WHAT IS EXPECTED | Omit the pictures and return exactly the stretch of the material below from the line with "Avdhi White and" through the line with "TEMU 남아용 다용도".

SUPPLIED INFORMATION |

((

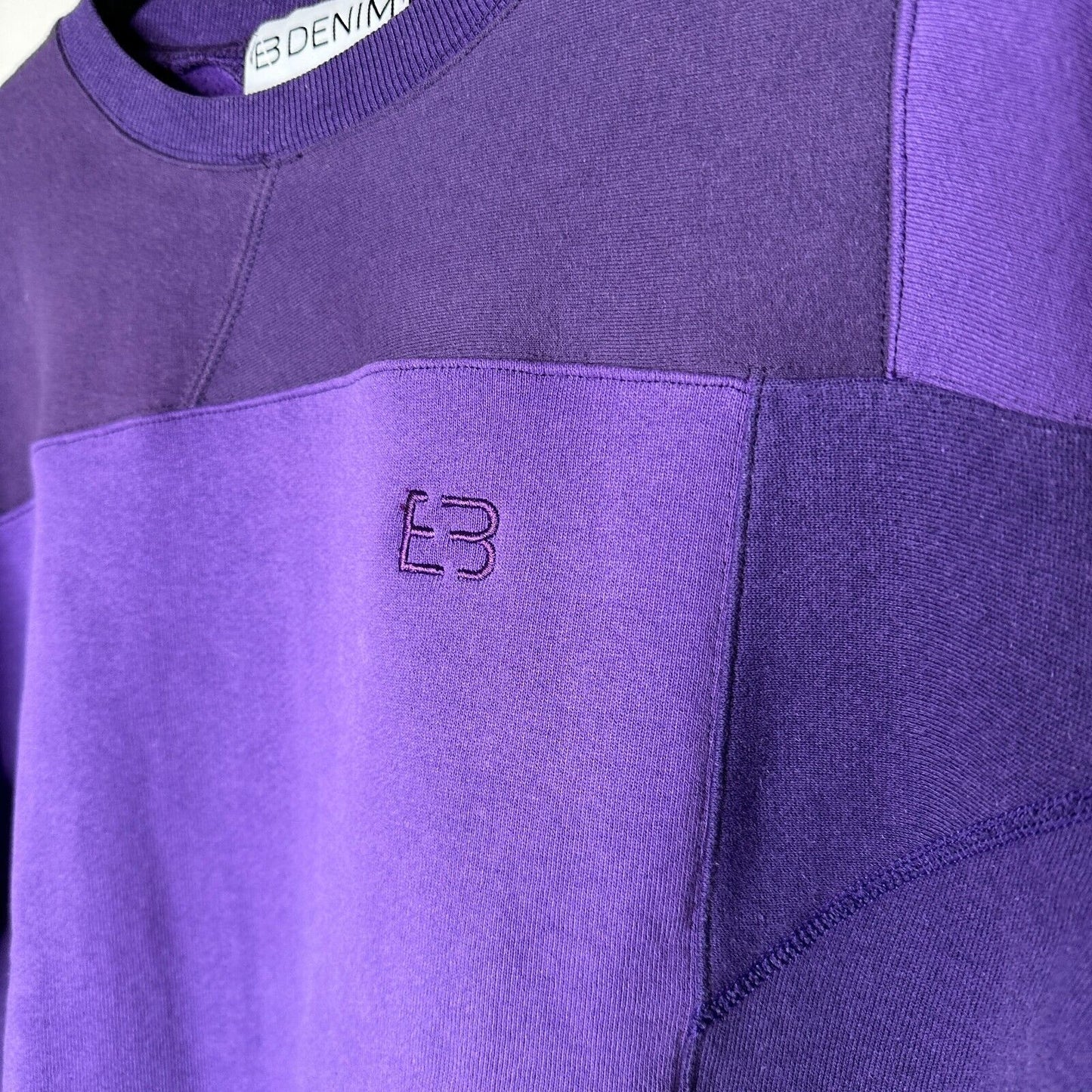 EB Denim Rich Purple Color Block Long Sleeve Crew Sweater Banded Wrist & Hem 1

))
((

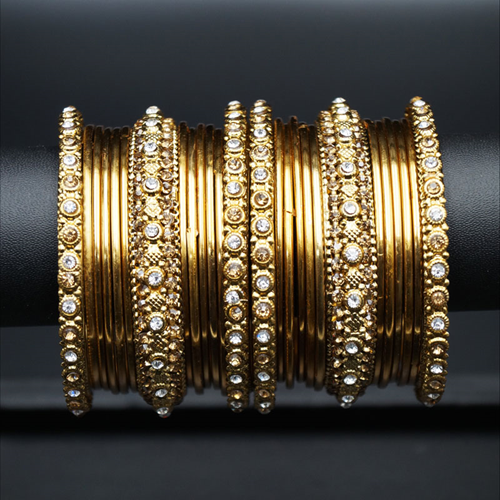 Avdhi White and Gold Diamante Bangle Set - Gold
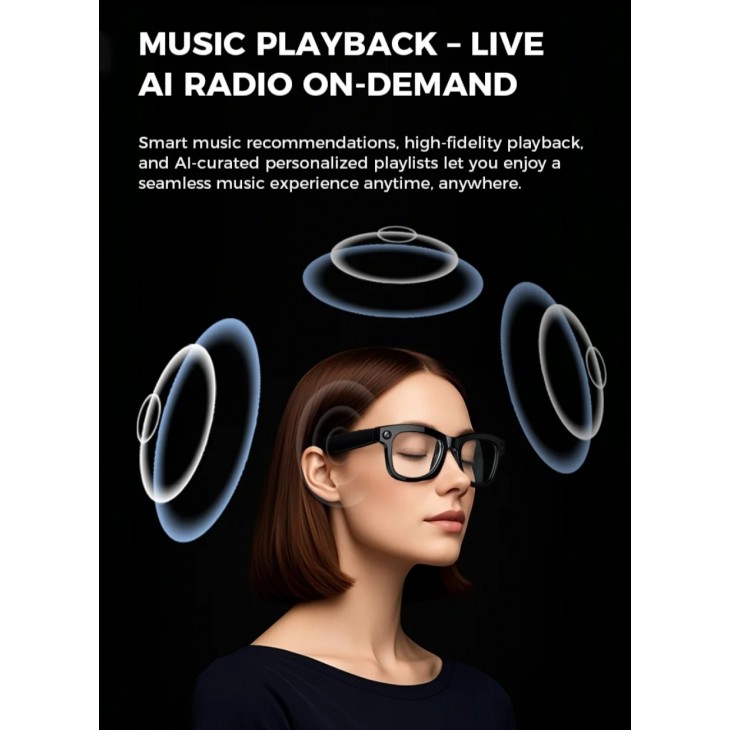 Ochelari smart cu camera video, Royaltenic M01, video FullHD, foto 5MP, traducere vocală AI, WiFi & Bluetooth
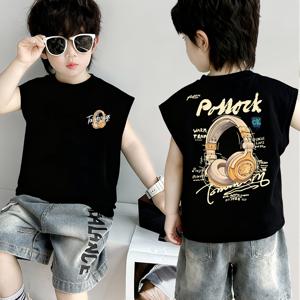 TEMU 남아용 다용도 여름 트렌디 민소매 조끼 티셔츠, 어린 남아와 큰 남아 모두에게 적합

))
((

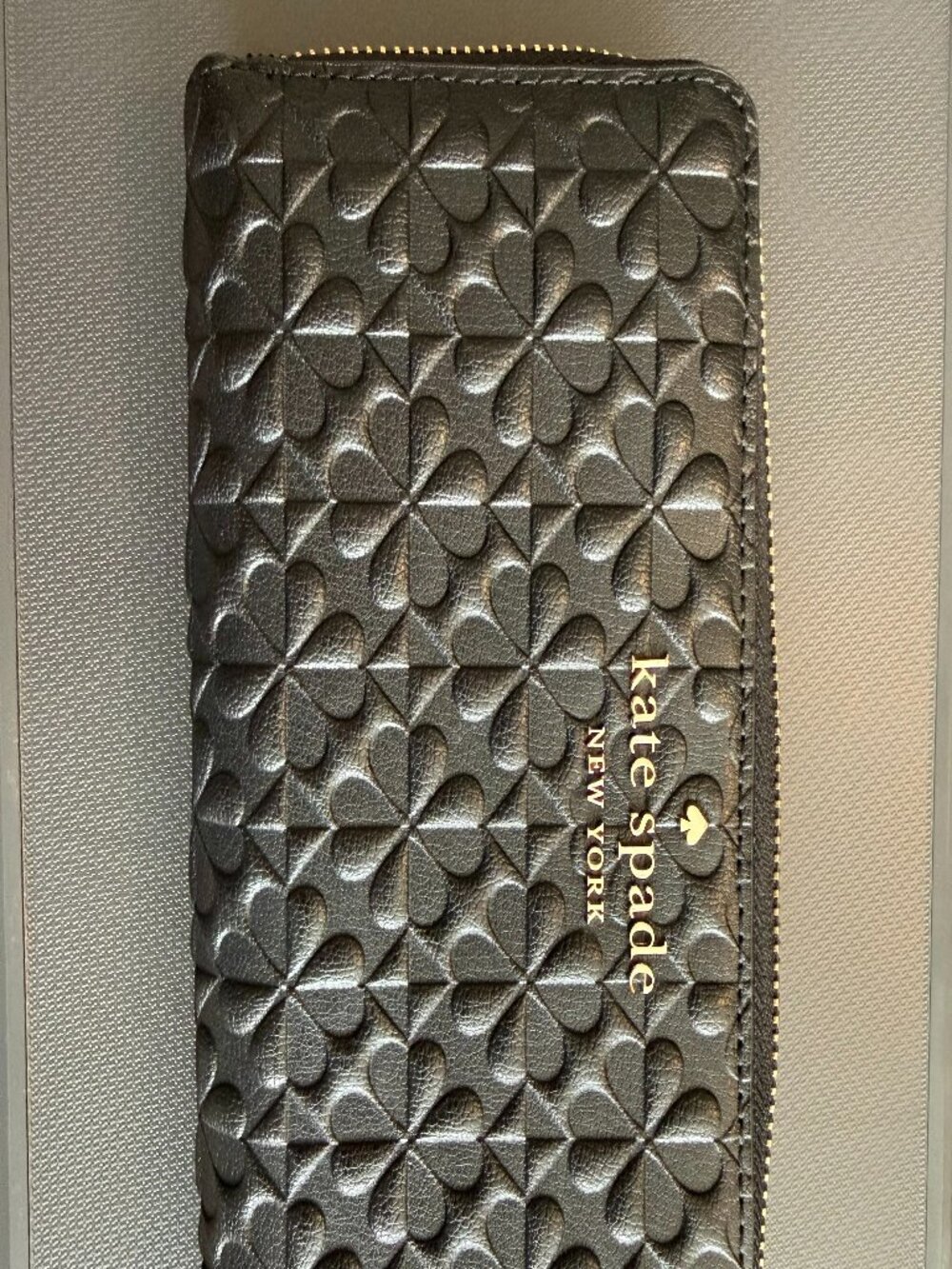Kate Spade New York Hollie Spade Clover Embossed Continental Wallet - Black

))

COMPLETED EXERCISE |
 Avdhi White and Gold Diamante Bangle Set - Gold
 Ochelari smart cu camera video, Royaltenic M01, video FullHD, foto 5MP, traducere vocală AI, WiFi & Bluetooth
 TEMU 남아용 다용도 여름 트렌디 민소매 조끼 티셔츠, 어린 남아와 큰 남아 모두에게 적합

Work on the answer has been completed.